### TASK DIRECTIONS:
Each of the entries below needs to be given again exactly.

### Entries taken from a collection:
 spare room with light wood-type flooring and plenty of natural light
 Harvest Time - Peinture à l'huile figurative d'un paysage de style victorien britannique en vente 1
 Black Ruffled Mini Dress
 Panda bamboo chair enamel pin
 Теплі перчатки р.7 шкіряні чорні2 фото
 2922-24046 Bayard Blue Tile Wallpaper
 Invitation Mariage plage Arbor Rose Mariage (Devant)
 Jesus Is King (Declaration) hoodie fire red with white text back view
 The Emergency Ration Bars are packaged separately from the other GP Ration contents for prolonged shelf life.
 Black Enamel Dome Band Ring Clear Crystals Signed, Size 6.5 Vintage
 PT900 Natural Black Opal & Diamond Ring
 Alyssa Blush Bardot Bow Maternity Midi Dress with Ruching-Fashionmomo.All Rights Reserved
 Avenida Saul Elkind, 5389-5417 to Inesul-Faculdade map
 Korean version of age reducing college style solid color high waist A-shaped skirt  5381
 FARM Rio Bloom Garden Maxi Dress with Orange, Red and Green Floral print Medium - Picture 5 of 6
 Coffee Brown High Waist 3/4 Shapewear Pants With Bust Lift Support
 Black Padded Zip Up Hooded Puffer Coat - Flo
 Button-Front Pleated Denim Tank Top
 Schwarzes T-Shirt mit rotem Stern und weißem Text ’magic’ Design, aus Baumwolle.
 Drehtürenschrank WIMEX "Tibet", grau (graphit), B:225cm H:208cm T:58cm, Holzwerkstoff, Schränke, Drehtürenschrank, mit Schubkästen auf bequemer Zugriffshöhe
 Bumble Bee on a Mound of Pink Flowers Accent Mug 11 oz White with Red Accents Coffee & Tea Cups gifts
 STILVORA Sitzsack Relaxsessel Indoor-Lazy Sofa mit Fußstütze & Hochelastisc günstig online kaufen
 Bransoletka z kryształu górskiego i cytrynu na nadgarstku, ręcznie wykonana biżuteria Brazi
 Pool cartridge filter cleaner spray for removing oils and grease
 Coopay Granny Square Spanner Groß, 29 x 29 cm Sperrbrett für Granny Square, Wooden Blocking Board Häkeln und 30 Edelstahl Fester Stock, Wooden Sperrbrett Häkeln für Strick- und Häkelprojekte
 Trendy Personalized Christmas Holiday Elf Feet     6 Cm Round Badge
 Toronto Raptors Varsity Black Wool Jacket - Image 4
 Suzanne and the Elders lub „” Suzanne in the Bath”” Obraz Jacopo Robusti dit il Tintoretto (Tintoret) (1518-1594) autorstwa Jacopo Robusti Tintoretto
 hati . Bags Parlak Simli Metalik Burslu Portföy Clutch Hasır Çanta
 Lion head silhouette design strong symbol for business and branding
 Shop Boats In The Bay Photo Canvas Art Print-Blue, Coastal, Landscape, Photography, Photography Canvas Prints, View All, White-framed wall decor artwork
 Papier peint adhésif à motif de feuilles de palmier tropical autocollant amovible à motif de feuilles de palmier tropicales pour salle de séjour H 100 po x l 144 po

### SOLUTION FOR THIS EXERCISE:
 spare room with light wood-type flooring and plenty of natural light
 Harvest Time - Peinture à l'huile figurative d'un paysage de style victorien britannique en vente 1
 Black Ruffled Mini Dress
 Panda bamboo chair enamel pin
 Теплі перчатки р.7 шкіряні чорні2 фото
 2922-24046 Bayard Blue Tile Wallpaper
 Invitation Mariage plage Arbor Rose Mariage (Devant)
 Jesus Is King (Declaration) hoodie fire red with white text back view
 The Emergency Ration Bars are packaged separately from the other GP Ration contents for prolonged shelf life.
 Black Enamel Dome Band Ring Clear Crystals Signed, Size 6.5 Vintage
 PT900 Natural Black Opal & Diamond Ring
 Alyssa Blush Bardot Bow Maternity Midi Dress with Ruching-Fashionmomo.All Rights Reserved
 Avenida Saul Elkind, 5389-5417 to Inesul-Faculdade map
 Korean version of age reducing college style solid color high waist A-shaped skirt  5381
 FARM Rio Bloom Garden Maxi Dress with Orange, Red and Green Floral print Medium - Picture 5 of 6
 Coffee Brown High Waist 3/4 Shapewear Pants With Bust Lift Support
 Black Padded Zip Up Hooded Puffer Coat - Flo
 Button-Front Pleated Denim Tank Top
 Schwarzes T-Shirt mit rotem Stern und weißem Text ’magic’ Design, aus Baumwolle.
 Drehtürenschrank WIMEX "Tibet", grau (graphit), B:225cm H:208cm T:58cm, Holzwerkstoff, Schränke, Drehtürenschrank, mit Schubkästen auf bequemer Zugriffshöhe
 Bumble Bee on a Mound of Pink Flowers Accent Mug 11 oz White with Red Accents Coffee & Tea Cups gifts
 STILVORA Sitzsack Relaxsessel Indoor-Lazy Sofa mit Fußstütze & Hochelastisc günstig online kaufen
 Bransoletka z kryształu górskiego i cytrynu na nadgarstku, ręcznie wykonana biżuteria Brazi
 Pool cartridge filter cleaner spray for removing oils and grease
 Coopay Granny Square Spanner Groß, 29 x 29 cm Sperrbrett für Granny Square, Wooden Blocking Board Häkeln und 30 Edelstahl Fester Stock, Wooden Sperrbrett Häkeln für Strick- und Häkelprojekte
 Trendy Personalized Christmas Holiday Elf Feet     6 Cm Round Badge
 Toronto Raptors Varsity Black Wool Jacket - Image 4
 Suzanne and the Elders lub „” Suzanne in the Bath”” Obraz Jacopo Robusti dit il Tintoretto (Tintoret) (1518-1594) autorstwa Jacopo Robusti Tintoretto
 hati . Bags Parlak Simli Metalik Burslu Portföy Clutch Hasır Çanta
 Lion head silhouette design strong symbol for business and branding
 Shop Boats In The Bay Photo Canvas Art Print-Blue, Coastal, Landscape, Photography, Photography Canvas Prints, View All, White-framed wall decor artwork
 Papier peint adhésif à motif de feuilles de palmier tropical autocollant amovible à motif de feuilles de palmier tropicales pour salle de séjour H 100 po x l 144 po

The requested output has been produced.